Writing a screenplay about outing abusers- so timely! Here are some legal and logistical questions, essentially: How best could a group of people share a secret online document that lists known abusers? Setting is Ontario Canada, and the legal aspects should be extremely accurate.

The characters are a group of women who want to keep track of which men in a small community have been accused of sexual misconduct. The whole community would be ~300 people, with about 30 women in the secret group- like a sorority within a college cohort. The list would end up with maybe 30 men's names, accused of varying degrees of misconduct.

The document must be virtual.

All of the women are loyal to the women's group at first, but some loyalties are later strained when the names of men they care about begin to show up on the list. The list would likely get leaked to specific abusers (who'd likely be humiliated and furious, so their actions would likely aim to protect their confidentiality, ensure exoneratrion in a trial, and maybe enact social revenge on their accusers)

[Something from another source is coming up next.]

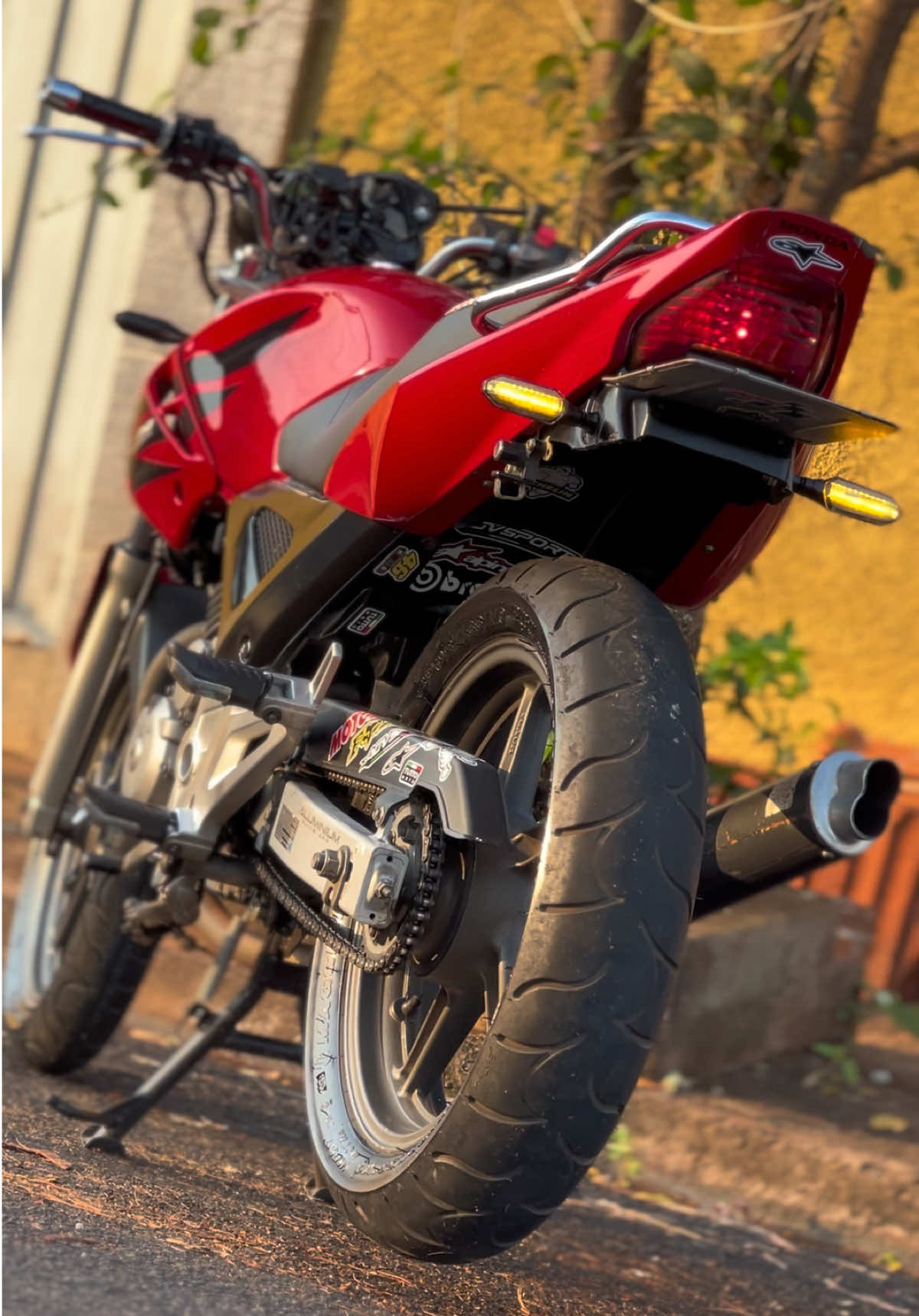 De lei🚀🎖️ . . . . . . . . . #twister #twistercarburada #motorzao #explorar #twister250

How could these characters plausibly create their list?


1. Logistics-
How best could the characters share an online list that would make it unlikely for anyone finding the list to trace it back to a specific creator(s), or know specifically who informed on a given man?
Imagining a saved text document with a couple of trusted moderators, on a secret Facebook group... women privately tell a mod what happened, and she adds info to a list and never discloses who told her. Having more than one mod helps increase plausible deniability- nobody remembers who added that name, sorry!

2. Naming & Descriptions-
Could the list involve slightly-encoding or somehow altering how they discuss the names & offenses of the accused, so that if the document were found, it wouldn't count as libel? Would any of these work:
Coded name: "Warvey Heinwein is a rapist"?
Real name + "alleged": "Harvey Weinstein is an alleged rapist"?
Hypothetical situation: "If you were casting an actor to play a power-hungry rapist, you could cast Warvey Weinwein- he'd be great!"
Blind item: "This big man, major studio head, Broadway musicals, is a rapist!"
Other options?

3. Later trials-
Let's say that some of these men are later (individually) brought to trial for their behaviour.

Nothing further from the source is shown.